EV用急速充電器は、EVの充電に必要な時間と内燃自動車の給油に必要な時間の差を縮めることを目的としています。1~2kWの電力を供給するレベル1の家庭用充電器はバッテリを充電するのに40~50時間かかるが、DC急速充電器は最大350kWの電力を供給し、約20分でバッテリを80%まで充電することができます。回路保護は、急速充電アプリケーションでユーザーと機器の安全を守るために、電圧と電力レベルに合わせて拡張する必要があります。

急速充電器は、過電圧、過渡電流、送電網からのサージ、雷、ESDに耐えなければなりません。さらに、回路は潜在的な接地障害を検出するように設計されなければなりません。一方、充電器は屋外環境での安全性と寿命を確保するために、湿気やほこりに対する耐久性を備えていなければなりません。

Littelfuseは、急速充電器のようなハイパワーアプリケーション向けの回路保護およびスイッチングを幅広く提供しています。Littelfuse DCNHS 1000VDC 最大コンタクタリレー は、ハイパワーアプリケーションにおいて耐久性と信頼性に優れた性能を発揮し、充電器キャビネットの制御回路が高電圧ラインを安全に切り替えられるようにします。

堅牢な充電器設計には、高速電圧スパイク用のTVSダイオードとESDサプレッサ、過電圧用のヒューズ、高電圧回路と低電圧のユーザーインターフェイス部品を保護する温度センサが含まれます。このような設計では、充電器全体に回路保護が施されることになります(図1)。

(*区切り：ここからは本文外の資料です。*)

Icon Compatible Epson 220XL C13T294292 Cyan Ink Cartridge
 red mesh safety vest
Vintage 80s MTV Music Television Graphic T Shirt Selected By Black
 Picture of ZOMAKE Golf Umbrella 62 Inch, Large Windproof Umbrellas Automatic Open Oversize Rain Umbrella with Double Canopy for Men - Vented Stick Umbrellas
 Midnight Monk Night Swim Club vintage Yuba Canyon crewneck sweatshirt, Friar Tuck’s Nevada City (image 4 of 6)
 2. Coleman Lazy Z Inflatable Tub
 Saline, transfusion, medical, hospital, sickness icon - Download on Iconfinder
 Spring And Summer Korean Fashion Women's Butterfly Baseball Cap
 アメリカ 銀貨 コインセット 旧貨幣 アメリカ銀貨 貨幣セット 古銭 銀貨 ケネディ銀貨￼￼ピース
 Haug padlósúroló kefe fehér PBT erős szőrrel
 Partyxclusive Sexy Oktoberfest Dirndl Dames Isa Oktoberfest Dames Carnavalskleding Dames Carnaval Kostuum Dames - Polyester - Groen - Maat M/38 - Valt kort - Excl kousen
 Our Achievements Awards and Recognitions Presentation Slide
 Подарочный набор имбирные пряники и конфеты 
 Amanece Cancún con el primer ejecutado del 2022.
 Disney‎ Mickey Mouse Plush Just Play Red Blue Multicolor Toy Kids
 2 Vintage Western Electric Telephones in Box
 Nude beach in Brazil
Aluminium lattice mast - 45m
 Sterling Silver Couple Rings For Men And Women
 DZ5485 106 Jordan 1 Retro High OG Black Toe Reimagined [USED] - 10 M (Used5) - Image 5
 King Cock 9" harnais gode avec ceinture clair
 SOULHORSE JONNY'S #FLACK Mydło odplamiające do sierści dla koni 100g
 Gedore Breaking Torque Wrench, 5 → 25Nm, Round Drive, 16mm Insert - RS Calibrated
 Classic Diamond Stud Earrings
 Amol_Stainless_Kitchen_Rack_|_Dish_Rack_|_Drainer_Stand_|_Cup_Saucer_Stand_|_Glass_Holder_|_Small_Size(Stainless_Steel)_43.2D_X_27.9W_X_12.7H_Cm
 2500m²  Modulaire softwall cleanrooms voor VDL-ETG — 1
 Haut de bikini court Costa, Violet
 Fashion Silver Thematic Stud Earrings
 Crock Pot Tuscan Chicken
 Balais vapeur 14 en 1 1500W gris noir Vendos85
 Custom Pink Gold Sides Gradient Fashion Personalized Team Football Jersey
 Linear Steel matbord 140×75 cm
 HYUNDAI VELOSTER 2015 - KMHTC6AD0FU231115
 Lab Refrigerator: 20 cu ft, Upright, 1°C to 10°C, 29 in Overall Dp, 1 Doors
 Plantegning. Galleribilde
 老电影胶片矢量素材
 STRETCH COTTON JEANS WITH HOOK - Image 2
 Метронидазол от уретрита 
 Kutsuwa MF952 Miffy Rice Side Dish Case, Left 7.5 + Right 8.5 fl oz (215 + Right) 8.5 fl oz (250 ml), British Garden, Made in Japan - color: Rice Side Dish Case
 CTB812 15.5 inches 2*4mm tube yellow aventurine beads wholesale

図1:急速充電ステーション内部のイメージ。(出典: Littelfuse)

 

ゼロエミッションを目指す商用車

 

走行中の電気自動車(EV)のほとんどは、ドアが2つまたは4つの乗用車だが、充電技術とエネルギー貯蔵技術の向上により、大型商用車の電動化が可能になりました。長距離トラック、市バス、州間バス、配達用トラックは、自家用車よりも稼働時間が長いため、より大型のバッテリと強力な充電インフラが必要となります。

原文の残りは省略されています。